Task prompt
From the records below, print only the part that opens with the line containing "Le prince William, duc" and closes with the line containing "Used 2022 Land"; omit the pictures.

Given records
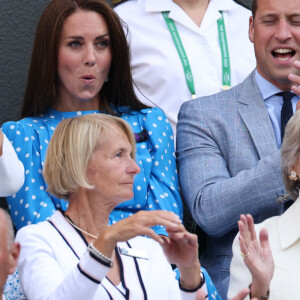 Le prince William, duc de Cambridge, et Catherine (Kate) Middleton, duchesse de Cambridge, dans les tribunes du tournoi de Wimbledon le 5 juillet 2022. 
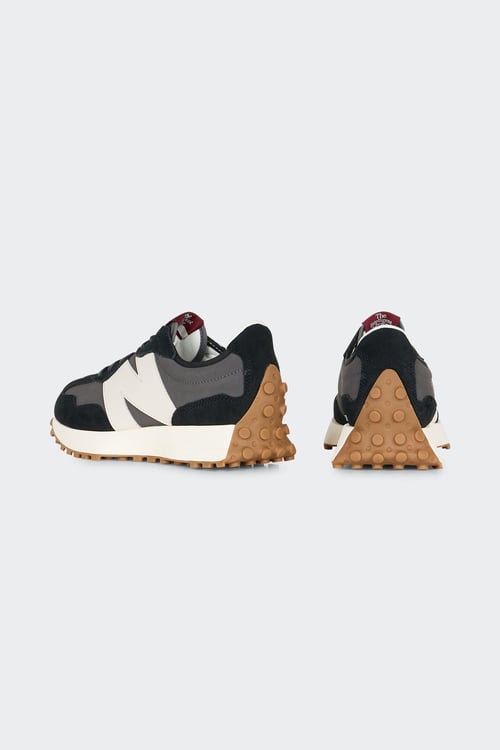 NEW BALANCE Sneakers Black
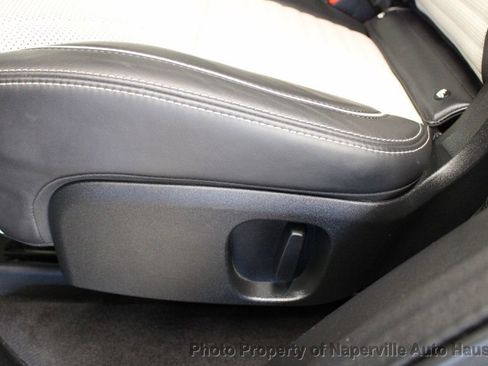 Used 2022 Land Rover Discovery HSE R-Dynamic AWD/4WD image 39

==

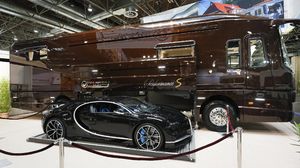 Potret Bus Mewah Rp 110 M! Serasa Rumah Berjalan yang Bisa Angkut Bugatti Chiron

Answer for the task
 Le prince William, duc de Cambridge, et Catherine (Kate) Middleton, duchesse de Cambridge, dans les tribunes du tournoi de Wimbledon le 5 juillet 2022. 
 NEW BALANCE Sneakers Black
 Used 2022 Land Rover Discovery HSE R-Dynamic AWD/4WD image 39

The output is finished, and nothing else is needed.